- _EXERCISE BRIEF_: How do the records below read from their first line through the line containing "WI license plate 250NQX"? Write those lines out exactly.

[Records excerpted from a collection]
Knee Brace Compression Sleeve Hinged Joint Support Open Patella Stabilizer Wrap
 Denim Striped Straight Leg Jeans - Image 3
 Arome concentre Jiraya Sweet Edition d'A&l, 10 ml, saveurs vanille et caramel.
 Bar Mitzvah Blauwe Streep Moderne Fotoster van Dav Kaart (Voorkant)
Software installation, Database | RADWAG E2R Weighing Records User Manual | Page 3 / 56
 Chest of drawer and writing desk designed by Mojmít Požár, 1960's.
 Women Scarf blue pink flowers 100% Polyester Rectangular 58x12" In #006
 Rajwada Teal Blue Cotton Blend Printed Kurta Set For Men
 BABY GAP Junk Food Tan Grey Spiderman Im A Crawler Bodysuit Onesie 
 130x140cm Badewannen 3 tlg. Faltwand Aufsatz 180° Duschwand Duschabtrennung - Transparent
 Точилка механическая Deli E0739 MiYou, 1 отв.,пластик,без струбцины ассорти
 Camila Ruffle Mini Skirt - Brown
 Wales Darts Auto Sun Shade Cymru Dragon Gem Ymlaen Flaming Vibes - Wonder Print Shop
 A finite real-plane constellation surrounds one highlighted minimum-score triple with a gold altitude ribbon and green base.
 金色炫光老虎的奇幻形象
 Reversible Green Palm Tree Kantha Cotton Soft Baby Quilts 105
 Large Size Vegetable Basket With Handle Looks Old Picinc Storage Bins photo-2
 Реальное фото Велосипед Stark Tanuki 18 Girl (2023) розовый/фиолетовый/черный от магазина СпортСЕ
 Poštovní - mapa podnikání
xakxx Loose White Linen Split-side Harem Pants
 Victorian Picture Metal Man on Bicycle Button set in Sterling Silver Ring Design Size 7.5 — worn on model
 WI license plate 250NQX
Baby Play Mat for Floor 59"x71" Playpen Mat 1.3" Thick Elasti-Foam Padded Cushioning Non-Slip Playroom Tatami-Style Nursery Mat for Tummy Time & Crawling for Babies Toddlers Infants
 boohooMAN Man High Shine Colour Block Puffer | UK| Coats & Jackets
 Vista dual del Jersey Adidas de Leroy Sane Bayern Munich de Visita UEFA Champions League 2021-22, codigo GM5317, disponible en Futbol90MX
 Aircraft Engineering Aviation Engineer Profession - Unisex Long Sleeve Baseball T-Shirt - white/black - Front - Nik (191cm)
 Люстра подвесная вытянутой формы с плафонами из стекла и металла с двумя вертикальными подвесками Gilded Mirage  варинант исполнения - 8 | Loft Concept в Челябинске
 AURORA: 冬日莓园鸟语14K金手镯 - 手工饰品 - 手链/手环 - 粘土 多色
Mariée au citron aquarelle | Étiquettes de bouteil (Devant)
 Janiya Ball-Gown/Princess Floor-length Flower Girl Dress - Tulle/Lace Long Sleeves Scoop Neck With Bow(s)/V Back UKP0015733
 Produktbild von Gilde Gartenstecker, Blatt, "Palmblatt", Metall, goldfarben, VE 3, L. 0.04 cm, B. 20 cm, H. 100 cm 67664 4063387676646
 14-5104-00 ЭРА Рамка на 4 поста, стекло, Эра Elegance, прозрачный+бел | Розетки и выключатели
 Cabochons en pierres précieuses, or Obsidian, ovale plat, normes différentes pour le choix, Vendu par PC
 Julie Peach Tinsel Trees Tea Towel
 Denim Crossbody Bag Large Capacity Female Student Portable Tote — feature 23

- _RESPONSE AREA_:
Knee Brace Compression Sleeve Hinged Joint Support Open Patella Stabilizer Wrap
 Denim Striped Straight Leg Jeans - Image 3
 Arome concentre Jiraya Sweet Edition d'A&l, 10 ml, saveurs vanille et caramel.
 Bar Mitzvah Blauwe Streep Moderne Fotoster van Dav Kaart (Voorkant)
Software installation, Database | RADWAG E2R Weighing Records User Manual | Page 3 / 56
 Chest of drawer and writing desk designed by Mojmít Požár, 1960's.
 Women Scarf blue pink flowers 100% Polyester Rectangular 58x12" In #006
 Rajwada Teal Blue Cotton Blend Printed Kurta Set For Men
 BABY GAP Junk Food Tan Grey Spiderman Im A Crawler Bodysuit Onesie 
 130x140cm Badewannen 3 tlg. Faltwand Aufsatz 180° Duschwand Duschabtrennung - Transparent
 Точилка механическая Deli E0739 MiYou, 1 отв.,пластик,без струбцины ассорти
 Camila Ruffle Mini Skirt - Brown
 Wales Darts Auto Sun Shade Cymru Dragon Gem Ymlaen Flaming Vibes - Wonder Print Shop
 A finite real-plane constellation surrounds one highlighted minimum-score triple with a gold altitude ribbon and green base.
 金色炫光老虎的奇幻形象
 Reversible Green Palm Tree Kantha Cotton Soft Baby Quilts 105
 Large Size Vegetable Basket With Handle Looks Old Picinc Storage Bins photo-2
 Реальное фото Велосипед Stark Tanuki 18 Girl (2023) розовый/фиолетовый/черный от магазина СпортСЕ
 Poštovní - mapa podnikání
xakxx Loose White Linen Split-side Harem Pants
 Victorian Picture Metal Man on Bicycle Button set in Sterling Silver Ring Design Size 7.5 — worn on model
 WI license plate 250NQX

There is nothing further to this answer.